A etapa de atribuição define escolas, horários e número de aulas de cada professor. Ao consultarem a plataforma digital da secretaria, parte dos profissionais constatou que não recebeu turmas. Entre os fatores apontados estão redução de orçamento, reorganização administrativa, fechamento de salas e critérios de avaliação de desempenho.
Professores efetivos e estáveis continuam vinculados à rede, ainda que realocados ou com carga mínima. Já os temporários da categoria O dependem de renovação anual e podem perder o vínculo quando não há aulas disponíveis.
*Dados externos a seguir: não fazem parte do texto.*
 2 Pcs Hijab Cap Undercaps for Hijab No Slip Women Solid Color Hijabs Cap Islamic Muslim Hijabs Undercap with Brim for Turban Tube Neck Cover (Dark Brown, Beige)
Em reportagem do Brasil de Fato docentes relatam insegurança financeira e buscam alternativas fora da educação para complementar renda. Há casos de professores preparando currículos para outras áreas enquanto aguardam possível convocação.
O Sindicato dos Professores do Ensino Oficial do Estado de São Paulo (Apeoesp) informa que o número de contratos temporários superou o de efetivos a partir de 2023, indicando ampliação da contratação precária.

O deputado estadual Carlos Giannazi apontou redução de 16,5% no orçamento da educação, equivalente a R$ 11 bilhões, após mudança constitucional que diminuiu o percentual mínimo de investimento no setor.
A Secretaria da Educação do Estado de São Paulo informou que a atribuição de aulas ocorre de forma contínua ao longo do ano e que professores não contemplados inicialmente podem ser chamados conforme a necessidade das escolas.
Uma resolução publicada neste ano também prevê encerramento de contrato e bloqueio de até três anos para temporários que permaneçam sem aulas ou tenham desempenho considerado insuficiente, o que pode dificultar o retorno desses profissionais à rede.